BODWELL’S BAKER’S DOZEN 2025
Why a “baker’s dozen” of books rather than the conventional “Top Ten” list? It’s simple: back in 2009 I couldn’t manage to cut three books I really admired from my list—or to be more precise, I didn’t want to cut three books just to fit some arbitrary constraint.
In addition, I immediately decided that even though most year-end roundups focus on titles published during the year the list was written, my lists would be less didactic and more of an authentic representation of a real reading life: We are both always behind and always discovering. Before 2016, for instance, I’d never read Penelope Fitzgerald’s perfect short novel The Bookshop. Even though the book was first published in 1978, I had to include it on my 2016 list. It was, after all, new to me.

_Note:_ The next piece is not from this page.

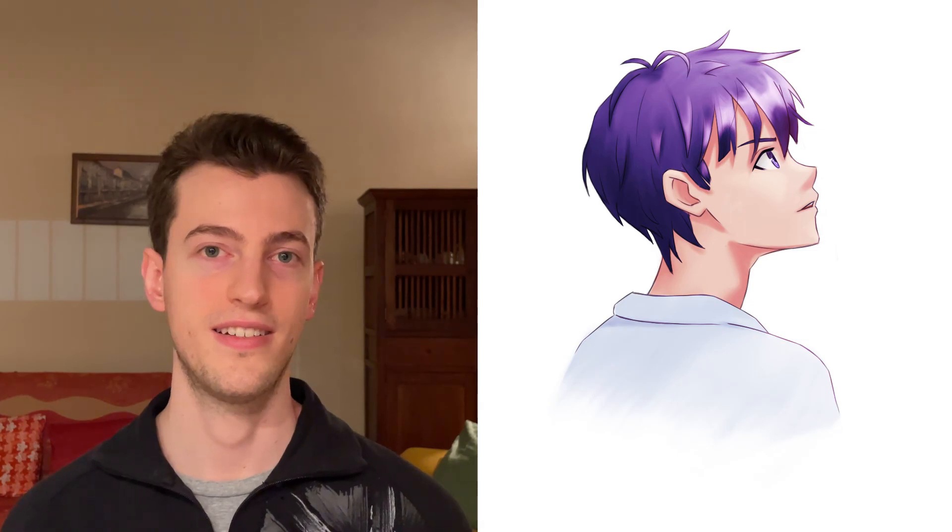Then I went back, picked that guy I was really unhappy with because of the design of his mouth, fixed him up a bit and decided to color him. I'm not really happy with coloring right now so I'm definitely going to devote an entire week to that. I still wanted something colorful to show for the week, so I went ahead and colored — I think the hair turned out really bad, but anyway, that's it for profile views. I hope you enjoyed the video; leave a like if you did, don't forget to subscribe, and next week we're going to go over three-quarter views. I'll see you then, bye!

Finally, my aim was never to synopsize or review the books on my list, as is often the norm for annual lists, but to contextualize the books within my life, to note how I’d come to read the book or why I’d been moved to include it on my list.
(PHOTO: The author of Bodwell’s Baker’s Dozen on book tour in Milan, Italy with Joan Baez.)
LET ME FINISH
Roger Angell
Longtime New Yorker fiction editor and bard of baseball Roger Angell has a gift for charming the reader in this wonderfully loose-limbed memoir. The son of Katharine White and the stepson of E. B. White, Angell admits his has been “a life sheltered by privilege and engrossing work, and shot through with good luck.” Yet, rather hold this truth jealously against him, we’re enamored. Angell, who died in 2022 at the age of 101, found his longevity gifted him complex years of reflection: “We should probably all pause to confront our past from time to time, because it changes its meaning as our circumstances alter.”
“If Andy White could be with us today he would not be with us today.”
(remarks at E.B. White’s funeral)
(Houghton Mifflin Harcourt, 2006)
THE UNCOMMON READER
Alan Bennett
One doesn’t want to feel one is being hyperbolic, but one can’t resist calling this novella utterly captivating and the sort of thing that makes one smile and giggle a bit as one reads. What begins with the Queen of England chasing her errant corgis and stumbling upon a bookmobile parked near the kitchen delivery doors of Buckingham Palace turns into a mediation on the reading lifeas well as power, loneliness, expectations, assumptions, misperceptions, and…well, life in general. Bennett’s pointed wit is not barbed, but it is laser sharp.
“What she was finding also was how one book led to another, doors kept opening wherever she turned and the days weren’t long enough for the reading she wanted to do.”